Of course, there is more than one way to "evenly" divide a list into sub-lists in this fashion. I'm not looking for an exhaustive set of solutions - if I can get one solution in Python for a list of any length and any number of sub-lists, that's good enough for me. The problem is that I don't even know where to begin when solving such a problem.
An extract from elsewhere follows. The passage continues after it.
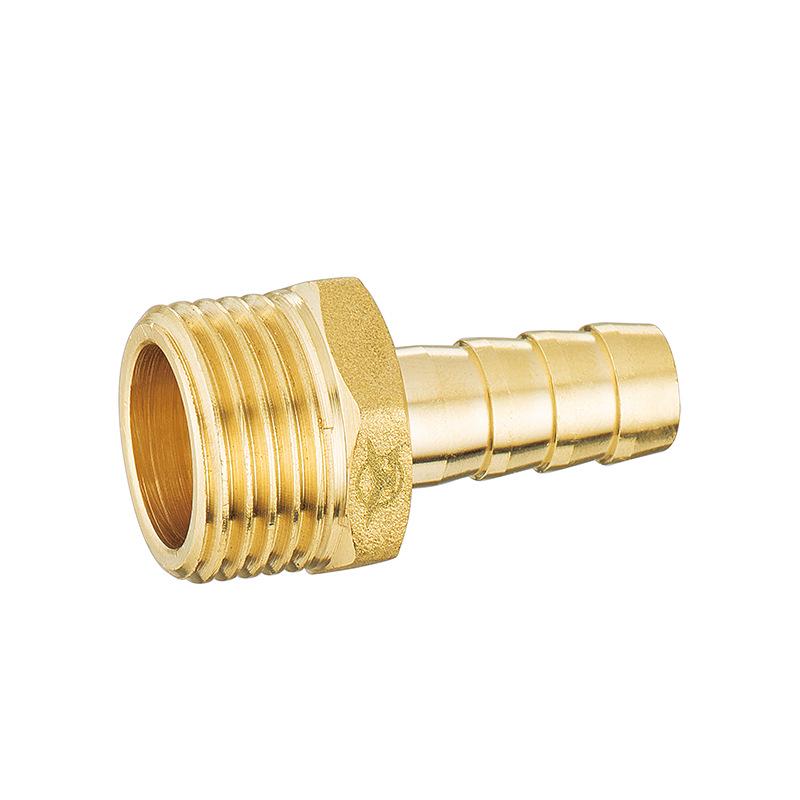 Brass Hose Adapter Male Thread Copper Connector Pipe Fittings Universal Accessory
Does anyone know what I'm looking for?
>>> s='ABCDEFGHIJKLMNOPQ'
>>> parts=7
>>> [s[i*len(s)//parts:(i+1)*len(s)//parts] for i in range(parts)]
['AB', 'CD', 'EFG', 'HI', 'JKL', 'MN', 'OPQ']
>>> import string
>>> for j in range(26):
... print [string.uppercase[i*j//parts:(i+1)*j//parts] for i in range(parts)]
...
['', '', '', '', '', '', '']
['', '', '', '', '', '', 'A']
['', '', '', 'A', '', '', 'B']
['', '', 'A', '', 'B', '', 'C']
['', 'A', '', 'B', '', 'C', 'D']
['', 'A', 'B', '', 'C', 'D', 'E']
['', 'A', 'B', 'C', 'D', 'E', 'F']
['A', 'B', 'C', 'D', 'E', 'F', 'G']
['A', 'B', 'C', 'D', 'E', 'F', 'GH']
['A', 'B', 'C', 'DE', 'F', 'G', 'HI']
['A', 'B', 'CD', 'E', 'FG', 'H', 'IJ']
['A', 'BC', 'D', 'EF', 'G', 'HI', 'JK']
['A', 'BC', 'DE', 'F', 'GH', 'IJ', 'KL']
['A', 'BC', 'DE', 'FG', 'HI', 'JK', 'LM']
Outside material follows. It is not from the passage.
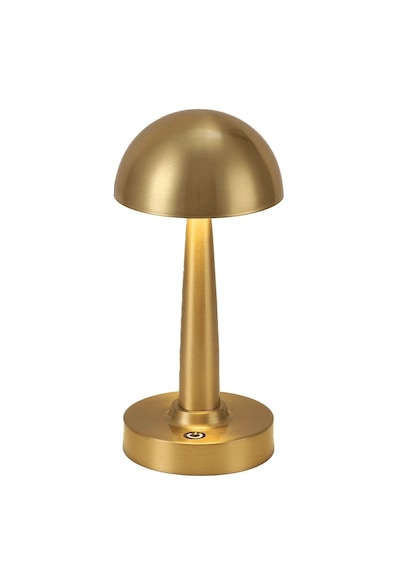 Noas Yl86-1230 Gold Şarj Edilebilir Masa Lambası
['AB', 'CD', 'EF', 'GH', 'IJ', 'KL', 'MN']
['AB', 'CD', 'EF', 'GH', 'IJ', 'KL', 'MNO']
['AB', 'CD', 'EF', 'GHI', 'JK', 'LM', 'NOP']
['AB', 'CD', 'EFG', 'HI', 'JKL', 'MN', 'OPQ']
['AB', 'CDE', 'FG', 'HIJ', 'KL', 'MNO', 'PQR']
['AB', 'CDE', 'FGH', 'IJ', 'KLM', 'NOP', 'QRS']
['AB', 'CDE', 'FGH', 'IJK', 'LMN', 'OPQ', 'RST']
['ABC', 'DEF', 'GHI', 'JKL', 'MNO', 'PQR', 'STU']
['ABC', 'DEF', 'GHI', 'JKL', 'MNO', 'PQR', 'STUV']
['ABC', 'DEF', 'GHI', 'JKLM', 'NOP', 'QRS', 'TUVW']
['ABC', 'DEF', 'GHIJ', 'KLM', 'NOPQ', 'RST', 'UVWX']
['ABC', 'DEFG', 'HIJ', 'KLMN', 'OPQ', 'RSTU', 'VWXY']
If you have a list of length N, and you want some number of sub-lists S, it seems to me that you should start with a division with remainder. For N == 17 and S == 7, you have 17 // 7 == 2 and 17 % 7 == 3. So you can start with 7 length values of 2, but know that you need to increment 3 of the length values by 1 to handle the remainder. Since your list of length values is length 7, and you have 3 values to increment, you could compute X = 7 / 3 and use that as a stride: increment the 0th item, then the int(X) item, the int(2*X) item, and so on.
If that doesn't work for you, I suggest you get a book called The Algorithm Design Manual by Skiena, and look through the set and tree algorithms.